# Assignment
Once the pictures are removed, restate the data below word for word.

# Collected data
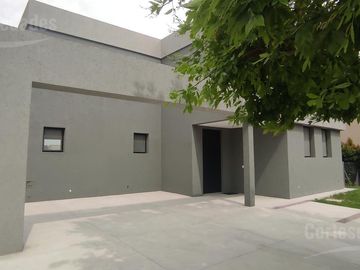 Casa en venta en barrio San Matias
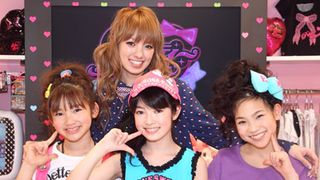 アッキーナがカリスマ女子小学生にアイドル指南!やっぱりポイントは笑顔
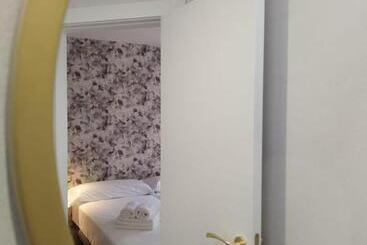 پانسیون Plaza Rooms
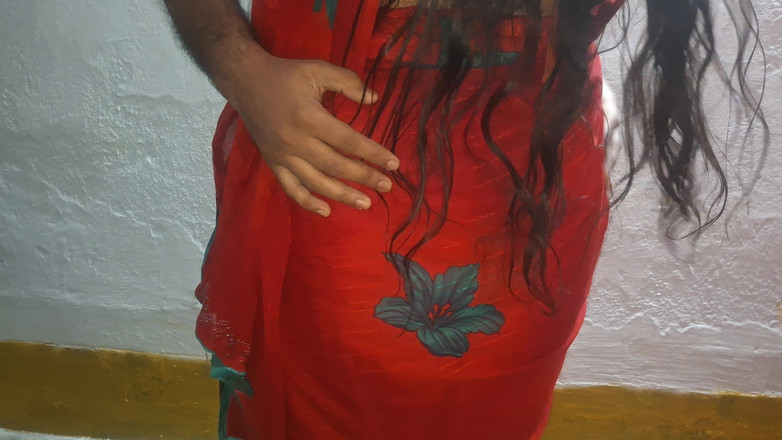 Busty Banuu: Tettona tette arrapata cognata cazzo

# Your response
 Casa en venta en barrio San Matias
 アッキーナがカリスマ女子小学生にアイドル指南!やっぱりポイントは笑顔
 پانسیون Plaza Rooms
 Busty Banuu: Tettona tette arrapata cognata cazzo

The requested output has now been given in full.